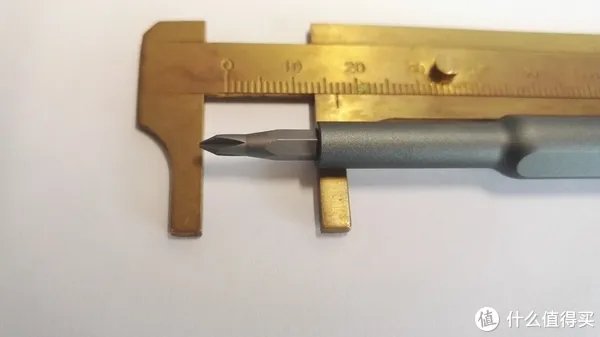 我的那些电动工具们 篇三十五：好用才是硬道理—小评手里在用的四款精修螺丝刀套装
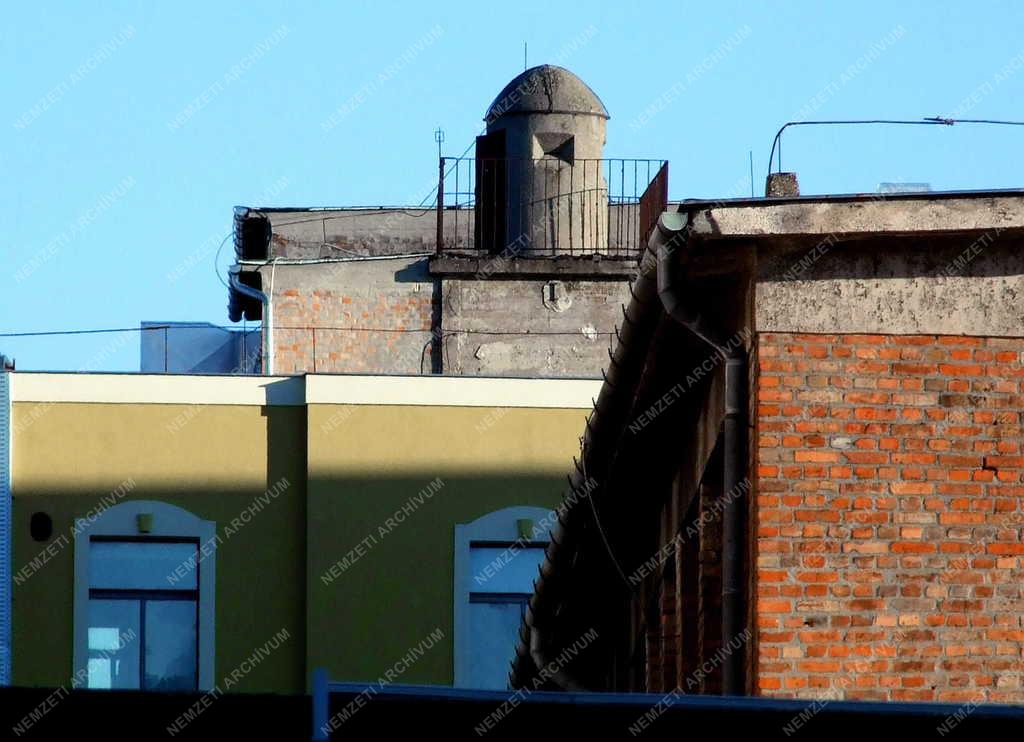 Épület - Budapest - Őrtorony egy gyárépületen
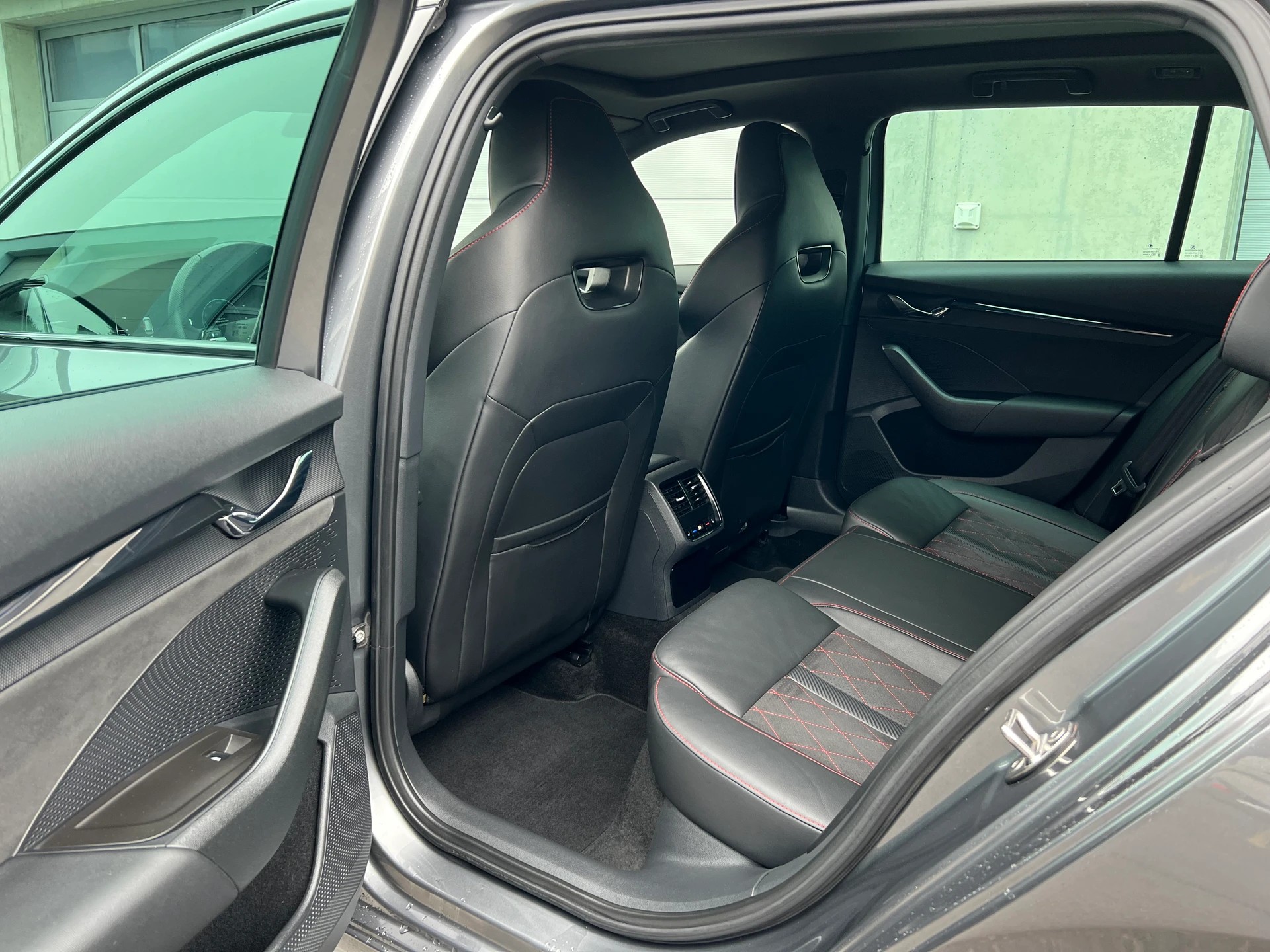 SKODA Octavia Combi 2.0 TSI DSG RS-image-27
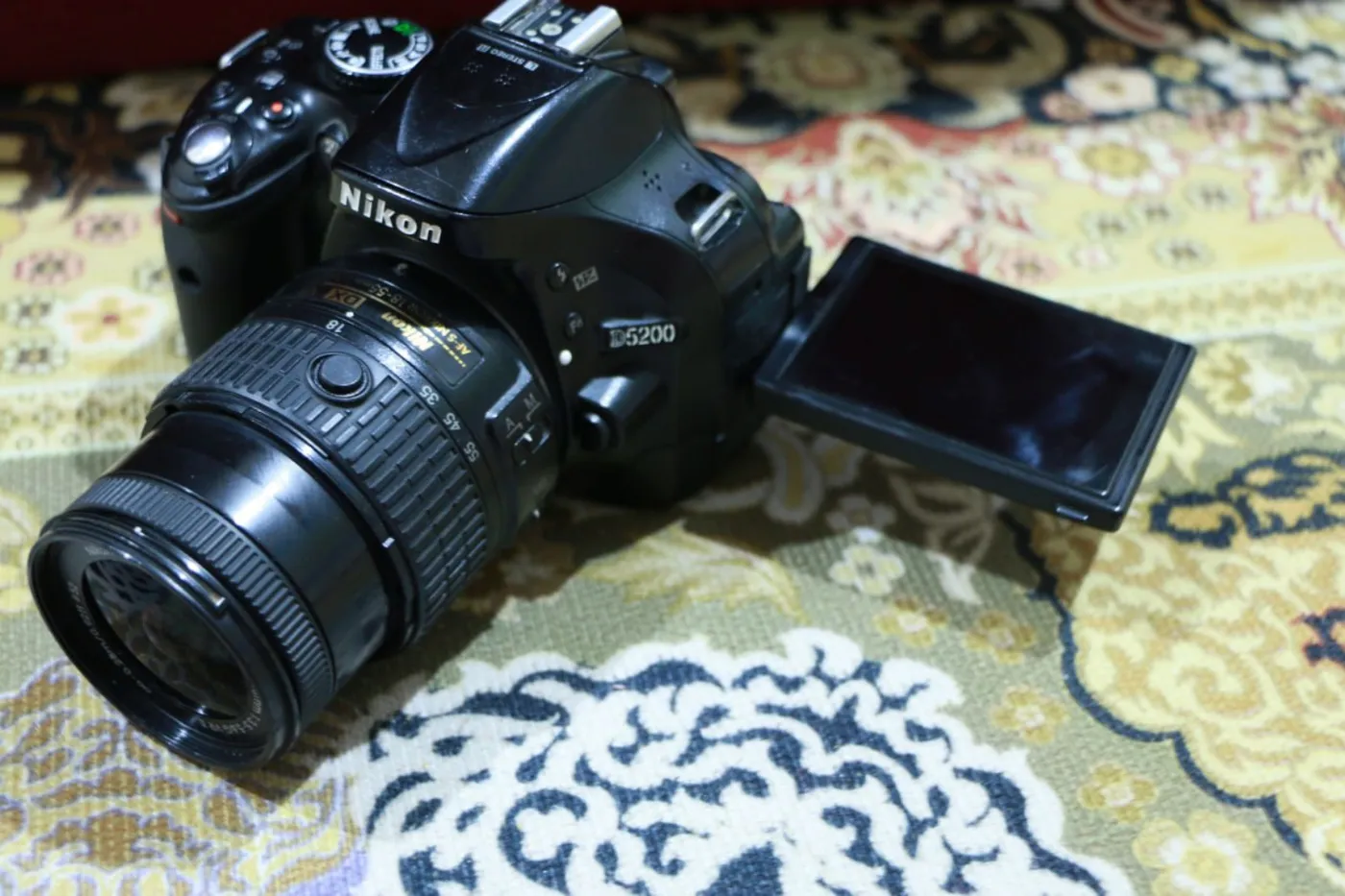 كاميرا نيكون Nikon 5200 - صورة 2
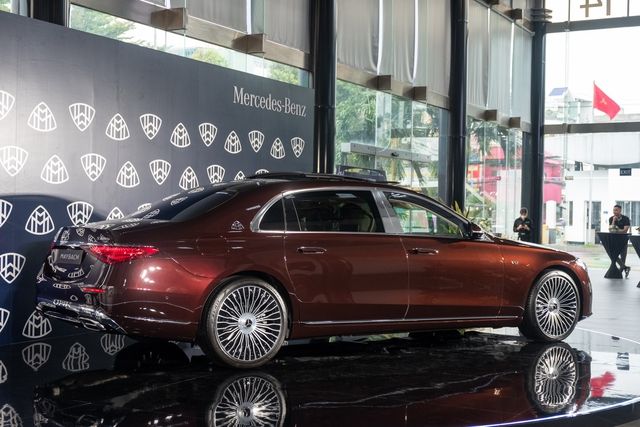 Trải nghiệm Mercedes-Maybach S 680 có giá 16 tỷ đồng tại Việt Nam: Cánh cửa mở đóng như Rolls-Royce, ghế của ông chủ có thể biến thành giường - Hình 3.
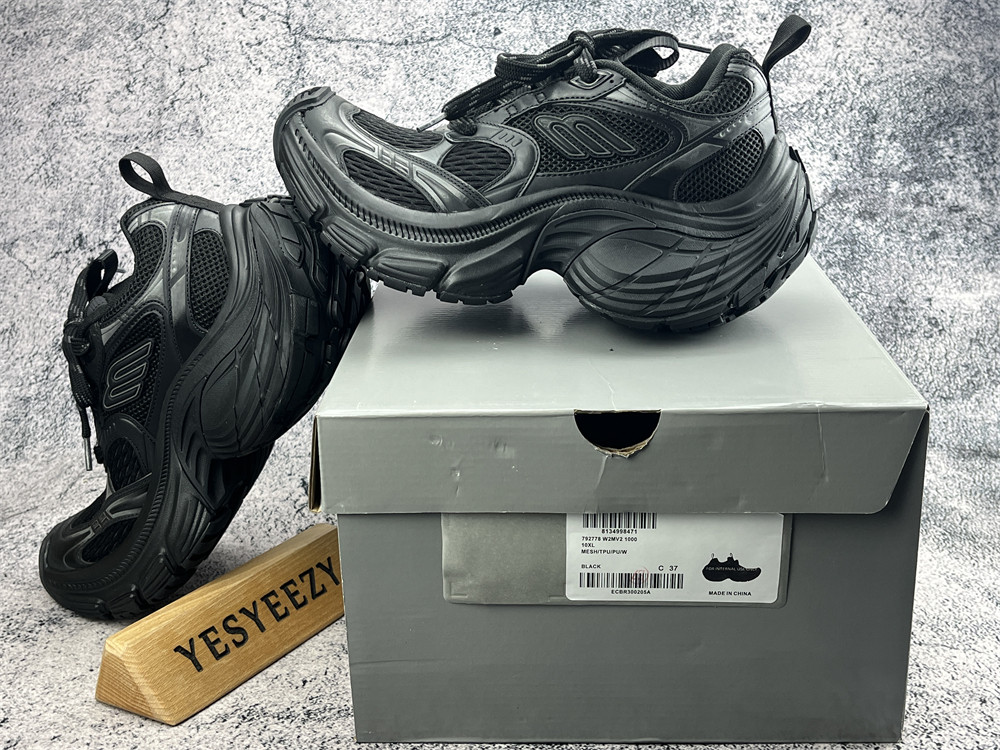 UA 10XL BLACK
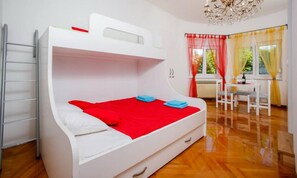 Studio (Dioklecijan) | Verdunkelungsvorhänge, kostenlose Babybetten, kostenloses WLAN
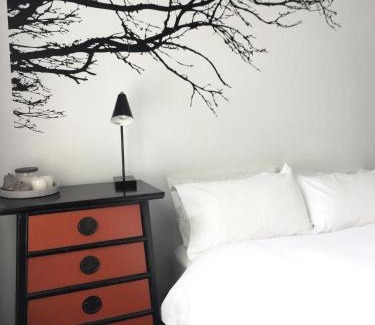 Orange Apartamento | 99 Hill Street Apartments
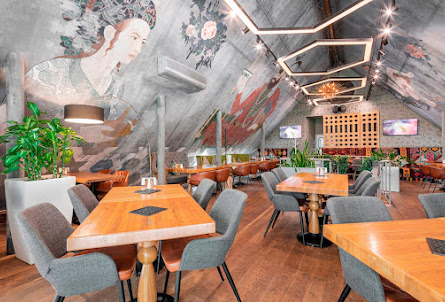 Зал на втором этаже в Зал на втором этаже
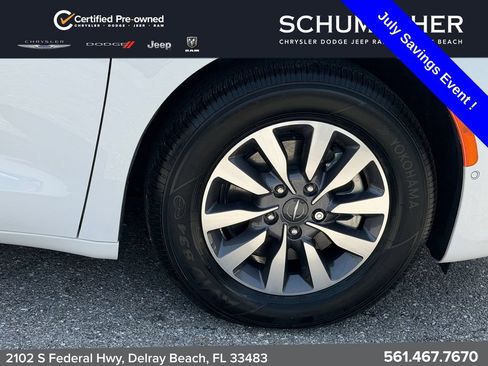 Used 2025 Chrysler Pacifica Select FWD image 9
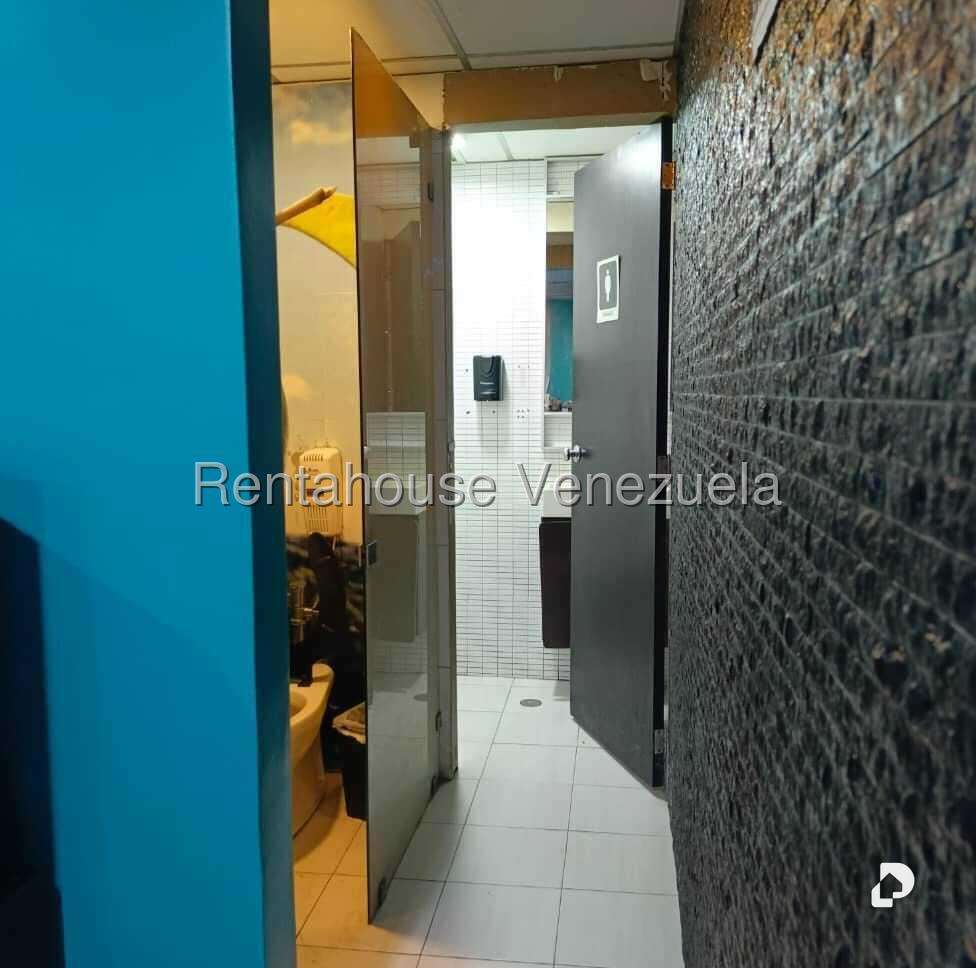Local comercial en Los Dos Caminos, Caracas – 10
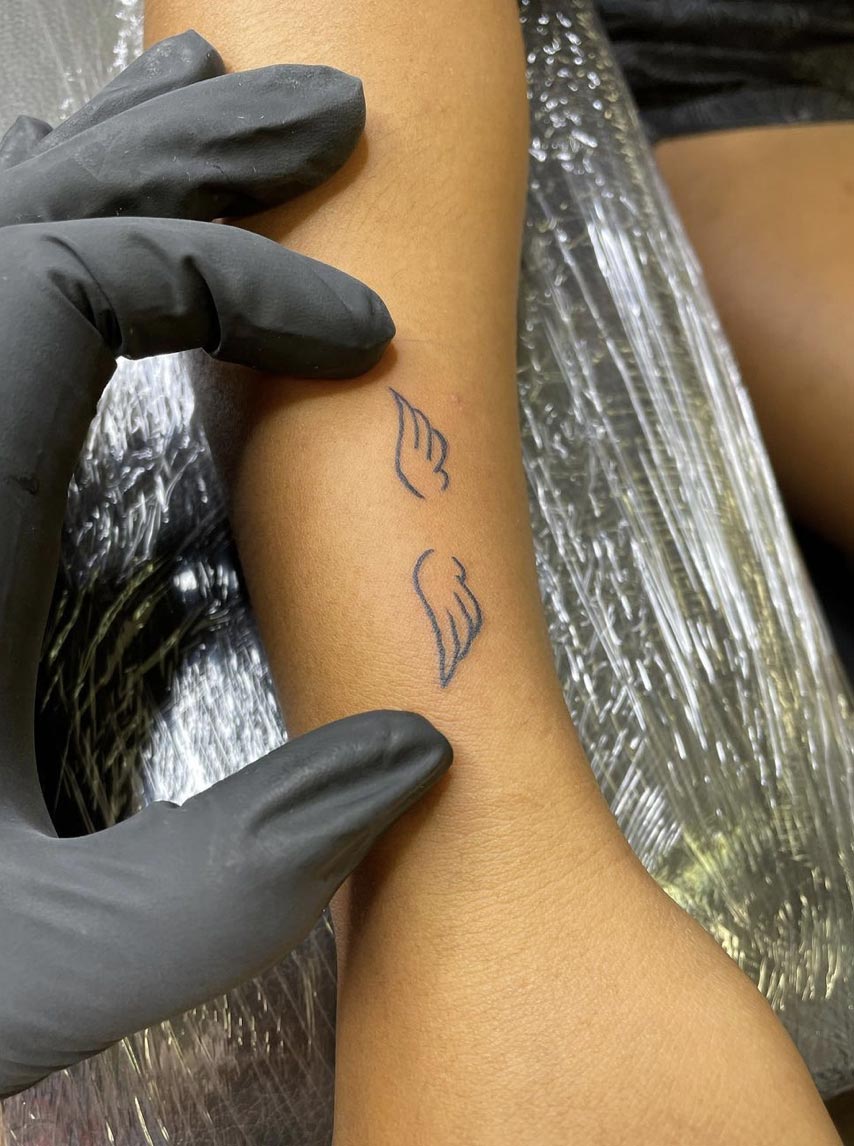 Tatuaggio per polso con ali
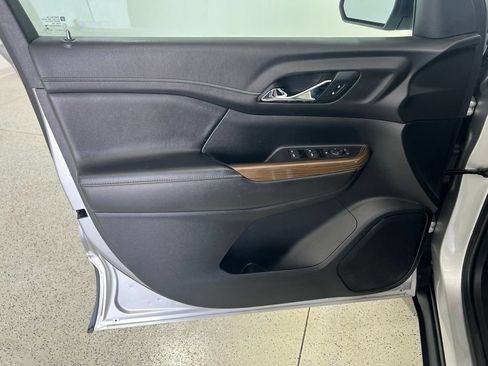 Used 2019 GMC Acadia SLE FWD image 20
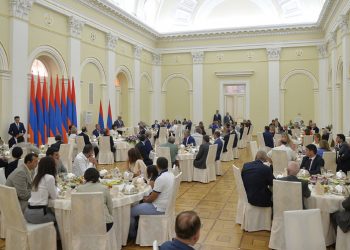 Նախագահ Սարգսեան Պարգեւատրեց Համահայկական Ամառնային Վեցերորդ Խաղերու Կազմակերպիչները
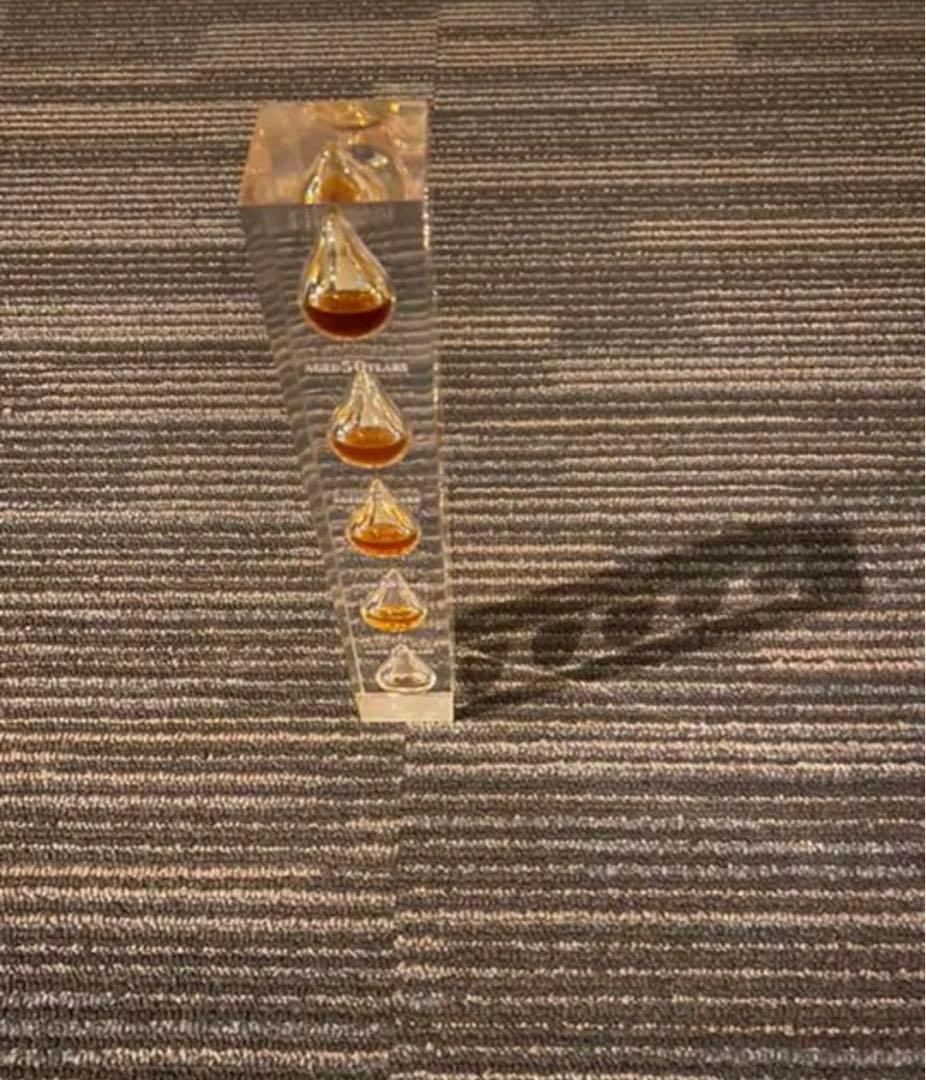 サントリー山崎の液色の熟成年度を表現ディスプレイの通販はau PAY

• • • • •

_YOUR ASSIGNMENT_. Leaving out all pictures, set down exactly the lines of the material above, from the line with "SKODA Octavia Combi 2.0 TSI DSG RS-image-27" to the line with "UA 10XL BLACK" inclusive, and no others.

_EXERCISE SOLUTION_.
 SKODA Octavia Combi 2.0 TSI DSG RS-image-27
 كاميرا نيكون Nikon 5200 - صورة 2
 Trải nghiệm Mercedes-Maybach S 680 có giá 16 tỷ đồng tại Việt Nam: Cánh cửa mở đóng như Rolls-Royce, ghế của ông chủ có thể biến thành giường - Hình 3.
 UA 10XL BLACK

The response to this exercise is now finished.